Soon after the publication of One Hundred Years of Solitude, García Márquez moved to Barcelona to write El otoño del patriarca (1975; The Autumn of the Patriarch, 1976). This portrait of a prototypical Latin American dictator represents a daring experiment in the use of poetic language and literary technique, which explains in part why it is often considered the author's most significant achievement to date. The novel also is an example of the author's deep-seated interest in denouncing political and social injustice not only in Colombia but in all of Latin America. The protagonist embodies all the evils of despotism, but equally important is the solitude imposed on him by the absolute power he wields. Like its predecessor, The Autumn of the Patriarch is sprinkled with humor and fantasy, but its rambling style and shifting points of view make it far more demanding of the reader.

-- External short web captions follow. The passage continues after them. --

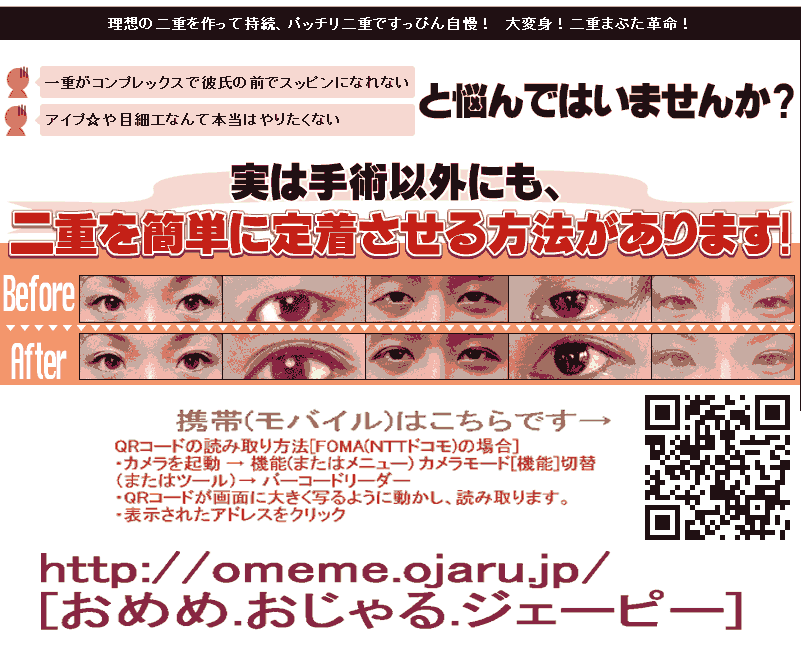 効果なしの場合は無料-手術やアイプチなどを使わずに、簡単に二重まぶたを定着させる方法-[間単に効果的に二重まぶたにする方法-モテ顔もてる方法 手術やアイプチなどを使わずに、二重瞼、目を大きくする方法]実は二重手術以外、アイプチ以外でも簡単に自宅自力で二重まぶた[ふたえまぶた方法]にする方法があります。美容外科二重手術なし通院なし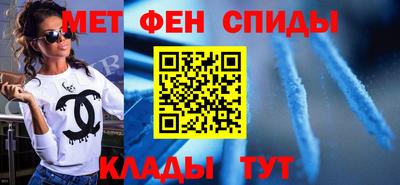 гашиш Дубна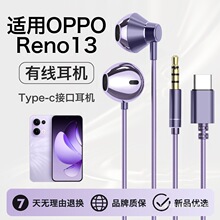 ԭ�b��Ʒ�m��oppo�о����Creno13���ʽpro����Typec/opporeno13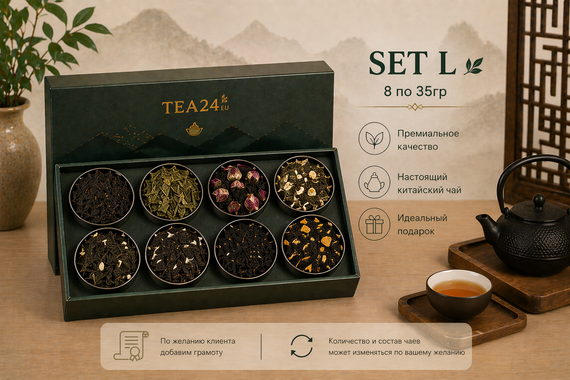 Box - Starter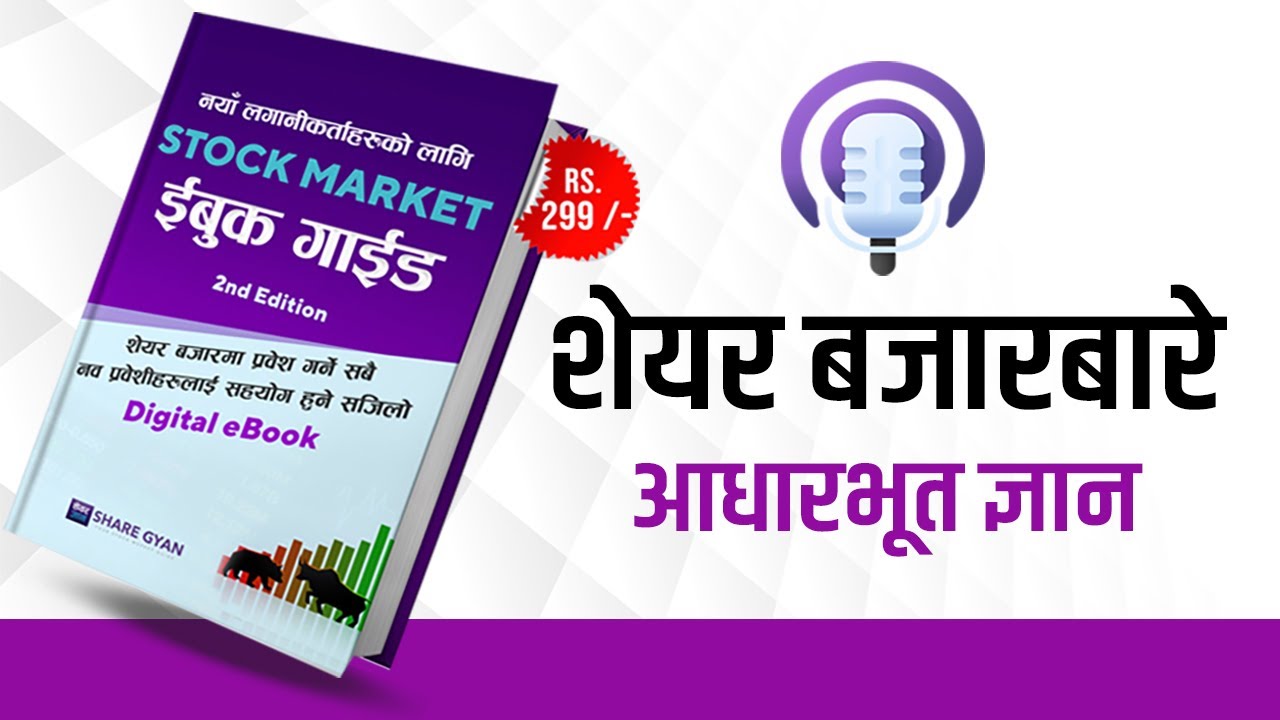 Basics of Share Market [Podcast] - eBook Summary
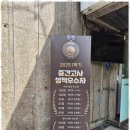 백제당약국 | 소래중수학 퍼스트학원에서 영어와 수학의 새로운 길을 찾다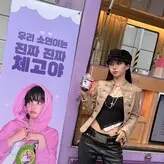 tiny.pretty.j nude #0070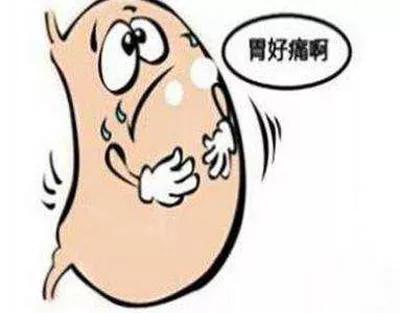 胃疼涨肚子疼怎么办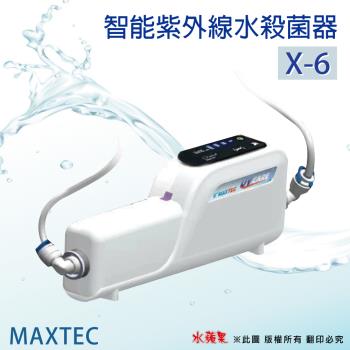 【水蘋果】美是德智慧紫外線水殺菌器(UV-X6)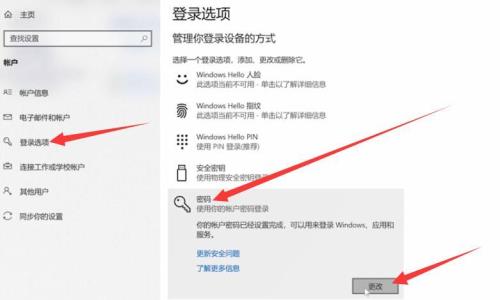 电脑锁屏每次都有密码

Continuing with Garcia Marquez's desire to analyze the roots of social injustice in Latin America, his next novel presents a study of irrational violence and unjust murder. Crónica de una muerte anunciada (1981; Chronicle of a Death Foretold, 1982) records the testimony of witnesses to the murder of Santiago Nasar, a youth accused of seducing Ángela Vicario prior to her marriage. When, on her wedding night, Ángela's husband discovers that she is not a virgin, he returns her to her parents. The following morning, her twin brothers kill Nasar on the doorstep of his home. A riveting mélange of journalism and detective story, the novel implicitly condemns not only the Catholic Church but also the primitive code of honor endorsed by the town citizens.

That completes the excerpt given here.